You can still find men and women in their late 70s prepared to argue over the best act they ever saw at the Dungeon Club. Was it Little Stevie Wonder, then 15 years old, or Little Walter? The Who or the Small Faces? Patti LaBelle and the Bluebelles or Inez and Charlie Foxx? The Yardbirds or the Moody Blues? T-Bone Walker or Sonny Boy Williamson? Sugar Pie DeSanto or the Soul Sisters? The Action or the Move? Lee Dorsey or Wilson Pickett? The Alan Bown Set or the Jimmy Brown Sound?
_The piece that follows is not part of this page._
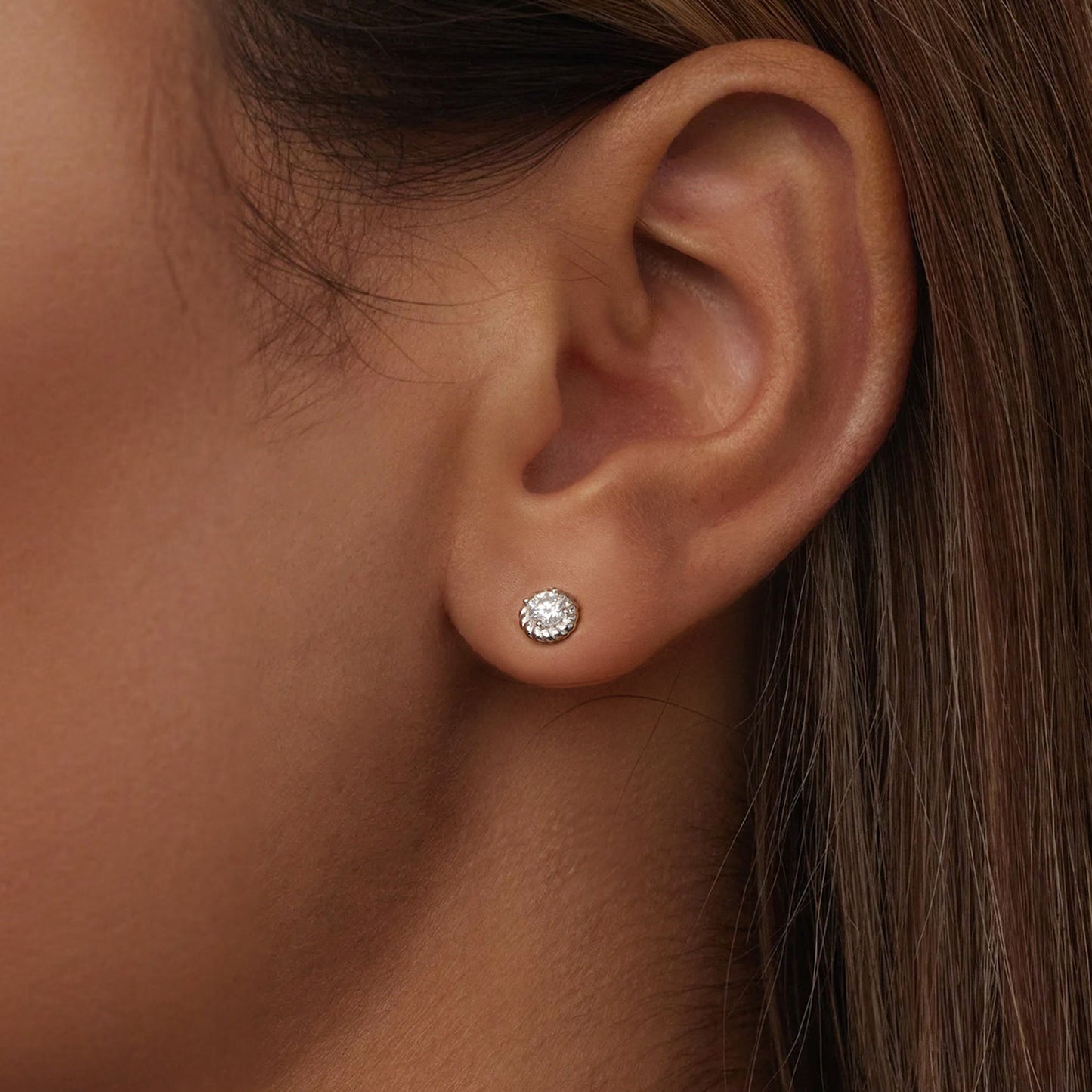 925 Sterling Silver 3mm Moissanite Earrings for Women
Stanford Street is an unremarkable stretch of road, about a hundred yards long, leading up from the empty shopfronts of Lister Gate in the centre of Nottingham towards the hill on which the Castle stands. It’s amid something of a wasteland now, close to the demolished remains of the Broadmarsh shopping centre, which awaits the money for redevelopment as an urban park. The estate agents’ website currently offering office space at No 6 — “to be refurbished to a high standard throughout” — mentions the building’s period features but nothing about its history, which I’m guessing began in the late 19th century with an involvement in the city’s then-thriving textile industry.

On July 10, 1964 — 60 years ago this week – the ground floor and basement of 6 Stanford Street were opened by a man called Mick Parker as a club for live music with room for two or three hundred teenagers and no drinks licence. It lasted three and half years. During its short but hectic life, the Dungeon’s basement stage hosted the artists mentioned above, and many others, including Georgie Fame and the Blue Flames, the Exciters, Long John Baldry’s Hoochie Coochie Men, the Moody Blues and the Dixie Cups (with Alvin “Shine” Robinson on guitar).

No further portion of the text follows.